We need to store a lot of logs in MS SQL Server 2016 Database for 1-1.5 year.
Income: 50 Gb of logs per month (~ 50 millions rows per month), we store all data in 6 months and shrink 50% of this data for older records.
- Required different indexes for last 1st month, 2nd month and others.
- Required data compression for big XML/Text data older than 2 months.
- For now – Required data shrink for data older than 6 months (just remove 50-60% records with big data (XML/Text) from table), but it will be better just heavily compress rows and don’t remove it.
Main Use-Case: search for 100-200 (sometime 1000) rows by some IDs or string filters in SQL IN manner (sometime LIKE).
Exist two approaches for partition:
- “Old style” – Separated Tables for each period (I think without common View in our case), month as example (Log_0117, Log_0217, …).
- Pros: Fully independent management and schema (for evolution), independent indexes and query/plans caching, as expected – more performance and efficiency, simple to implement, less magic and more controlable.
- Cons: Many-many tables (8 for every period), complex queries (especially for cross-period queries).
- “Modern style” –
Partitioned tables and indexes.
- Pros: Easy management, just one table for all periods, in theory simpler queries.
- Cons (as I found by some articles): Strong requirements for partitioned indexes (by normal, all indexes must contain partition-column (therefore more memory required), such indexes require rebuild after partition switching, hard to change schema/indexes for different periods, more magic and less controlable.
My questions for community:
- Is it really builtin Partitioned tables/indexes make developing more simple?
- Does it have really inconvenient limitations now in MS SQL Server 2016 (as Enterprise, as or everything not so bad?
Columnstore Indexes – another interesting option from @DavidBrowne, but as described at MSDN:
Columnstore indexes give high performance gains for queries that use full table scans, and are not well-suited for queries that seek into the data, searching for a particular value.
Unfortunately, we mostly search for 100-200 records in logs, rather than calculate complex statistics, but I save it in the mind for future, maybe will be helpfull.

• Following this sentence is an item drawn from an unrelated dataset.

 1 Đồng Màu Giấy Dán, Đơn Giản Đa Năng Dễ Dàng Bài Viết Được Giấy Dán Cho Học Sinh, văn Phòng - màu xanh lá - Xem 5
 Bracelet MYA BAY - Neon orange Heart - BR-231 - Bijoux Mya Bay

UPD2: @DanGuzman, I meant Aligned indexes when said about some requirements – https://technet.microsoft.com/en-us/library/ms187526(v=sql.105).aspx:
Partitioning NonClustered Indexes
When partitioning a unique nonclustered index,
the index key must contain the partitioning column. When partitioning
a nonunique, nonclustered index, SQL Server adds the partitioning
column by default as a nonkey (included) column of the index to make
sure the index is aligned with the base table. SQL Server does not add
the partitioning column to the index if it is already present in the
It’s also heavily recommended not to have Non-Aligned indexes 1) partitioning big tables – indexes , 2) Performance Impacts of Partitioned Aligned Indexes.
It means – if we want to make queries faster just for last month, we need to: 1) cover all table by this index (but it requires really more disk/memory) or 2) organize long maintenance window for partition switching and indexes rebuilding.

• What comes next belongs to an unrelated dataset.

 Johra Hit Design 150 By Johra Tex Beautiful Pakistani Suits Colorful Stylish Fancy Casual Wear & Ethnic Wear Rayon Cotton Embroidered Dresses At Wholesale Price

Is it really builtin Partitioned tables/indexes make developing more
Compared to developing against independent tables that do not have view abstraction, partitioned tables are much easier to query because partitioning is transparent to application queries.
Partitioned table sliding window maintenance involves partition
SWITCH in the pre-SQL 2016 world) plus a partition function
SPLIT/MERGE. Older data/index partitions can be compressed during the maintenance. One should also update partition stats after a
SWITCH. DDL scripts for these operations are easily automated and less complex than scripts that create/drop/compress separate tables and indexes dynamically.
Does it have really inconvenient limitations now in MS SQL Server 2016
(as Enterprise, as or everything not so bad?
The biggest limitation with table partitioning is that the partitioning column must be part of all unique indexes and constraints. As long as the tables you plan to partition table fit within these considerations, partitioning provides a number of manageability benefits without changes to app code. Note that Microsoft recommends partitioned tables over partitioned views when possible. Beginning with SQL Server 2016 SP1, partitioned tables are available in Standard Edition.
Columnstore compression often provides much higher compression that page or row compression on a rowstore. You can also create partitioned non-clustered indexes (compressed or not) on a partitioned columnstore to improve performance of queries that return relatively few rows. I suggest you consider both table partitioning and columnstore.
I’m not sure I fully understand why you would want to make queries faster only for last month. I’m guessing you just don’t want the space overhead for indexes on data that are infrequently used. Given the low cost of storage nowadays, I wouldn’t bother introducing additional complexity to save some index space. I suspect compression, especially columnstore, will eliminate the need to jump through such hoops.
If you are still unsure of the path forward, I suggest you develop prototypes of the candidate designs and choose the one that best addresses your needs with the least complexity.